- **SUPPLIED RECORDS**:
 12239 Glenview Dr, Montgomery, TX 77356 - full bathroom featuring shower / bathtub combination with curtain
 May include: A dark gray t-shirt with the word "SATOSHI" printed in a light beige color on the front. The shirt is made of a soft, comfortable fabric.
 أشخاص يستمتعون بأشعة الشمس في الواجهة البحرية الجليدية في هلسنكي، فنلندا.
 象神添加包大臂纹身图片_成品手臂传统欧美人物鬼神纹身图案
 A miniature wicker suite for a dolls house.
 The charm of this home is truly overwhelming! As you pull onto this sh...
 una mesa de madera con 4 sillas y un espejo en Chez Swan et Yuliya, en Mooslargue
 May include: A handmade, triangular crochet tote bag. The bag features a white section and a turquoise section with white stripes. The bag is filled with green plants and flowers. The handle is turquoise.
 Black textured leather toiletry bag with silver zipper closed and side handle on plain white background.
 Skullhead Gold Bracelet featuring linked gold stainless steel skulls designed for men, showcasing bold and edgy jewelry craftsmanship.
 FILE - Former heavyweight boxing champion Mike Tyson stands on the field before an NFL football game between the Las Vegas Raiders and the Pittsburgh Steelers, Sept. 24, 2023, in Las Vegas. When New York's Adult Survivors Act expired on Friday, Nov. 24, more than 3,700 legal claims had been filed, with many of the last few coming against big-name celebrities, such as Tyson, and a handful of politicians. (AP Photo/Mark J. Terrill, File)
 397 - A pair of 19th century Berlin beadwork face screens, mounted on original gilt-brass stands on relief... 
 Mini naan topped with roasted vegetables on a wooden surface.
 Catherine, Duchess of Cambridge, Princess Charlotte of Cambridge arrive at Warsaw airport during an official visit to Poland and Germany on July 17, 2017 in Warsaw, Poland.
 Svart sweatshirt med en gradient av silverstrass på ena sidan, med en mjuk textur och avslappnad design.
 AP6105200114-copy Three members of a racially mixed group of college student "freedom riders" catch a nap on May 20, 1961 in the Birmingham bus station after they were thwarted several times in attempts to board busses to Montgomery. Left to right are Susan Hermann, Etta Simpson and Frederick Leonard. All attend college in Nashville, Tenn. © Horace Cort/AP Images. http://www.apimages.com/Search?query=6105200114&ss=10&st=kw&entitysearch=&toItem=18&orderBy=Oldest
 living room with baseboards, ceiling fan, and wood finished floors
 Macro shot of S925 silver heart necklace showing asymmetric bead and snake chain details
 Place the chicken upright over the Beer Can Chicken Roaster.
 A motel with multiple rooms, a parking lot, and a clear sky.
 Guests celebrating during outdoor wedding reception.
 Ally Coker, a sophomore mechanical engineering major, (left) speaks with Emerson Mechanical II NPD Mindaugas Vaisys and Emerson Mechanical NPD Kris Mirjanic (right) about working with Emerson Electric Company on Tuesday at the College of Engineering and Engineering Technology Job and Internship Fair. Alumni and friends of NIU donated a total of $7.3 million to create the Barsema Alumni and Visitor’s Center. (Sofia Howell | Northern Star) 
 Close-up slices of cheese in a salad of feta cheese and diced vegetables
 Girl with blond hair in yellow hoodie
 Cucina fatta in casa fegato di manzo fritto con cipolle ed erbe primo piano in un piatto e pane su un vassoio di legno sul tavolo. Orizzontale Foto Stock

- **WORK ITEM**: When you reach the line that contains "Mini naan topped", stop; that line and every line before it, from the very first line of the data, should be restated word for word.

- **RESULT OF THIS TASK**:
 12239 Glenview Dr, Montgomery, TX 77356 - full bathroom featuring shower / bathtub combination with curtain
 May include: A dark gray t-shirt with the word "SATOSHI" printed in a light beige color on the front. The shirt is made of a soft, comfortable fabric.
 أشخاص يستمتعون بأشعة الشمس في الواجهة البحرية الجليدية في هلسنكي، فنلندا.
 象神添加包大臂纹身图片_成品手臂传统欧美人物鬼神纹身图案
 A miniature wicker suite for a dolls house.
 The charm of this home is truly overwhelming! As you pull onto this sh...
 una mesa de madera con 4 sillas y un espejo en Chez Swan et Yuliya, en Mooslargue
 May include: A handmade, triangular crochet tote bag. The bag features a white section and a turquoise section with white stripes. The bag is filled with green plants and flowers. The handle is turquoise.
 Black textured leather toiletry bag with silver zipper closed and side handle on plain white background.
 Skullhead Gold Bracelet featuring linked gold stainless steel skulls designed for men, showcasing bold and edgy jewelry craftsmanship.
 FILE - Former heavyweight boxing champion Mike Tyson stands on the field before an NFL football game between the Las Vegas Raiders and the Pittsburgh Steelers, Sept. 24, 2023, in Las Vegas. When New York's Adult Survivors Act expired on Friday, Nov. 24, more than 3,700 legal claims had been filed, with many of the last few coming against big-name celebrities, such as Tyson, and a handful of politicians. (AP Photo/Mark J. Terrill, File)
 397 - A pair of 19th century Berlin beadwork face screens, mounted on original gilt-brass stands on relief... 
 Mini naan topped with roasted vegetables on a wooden surface.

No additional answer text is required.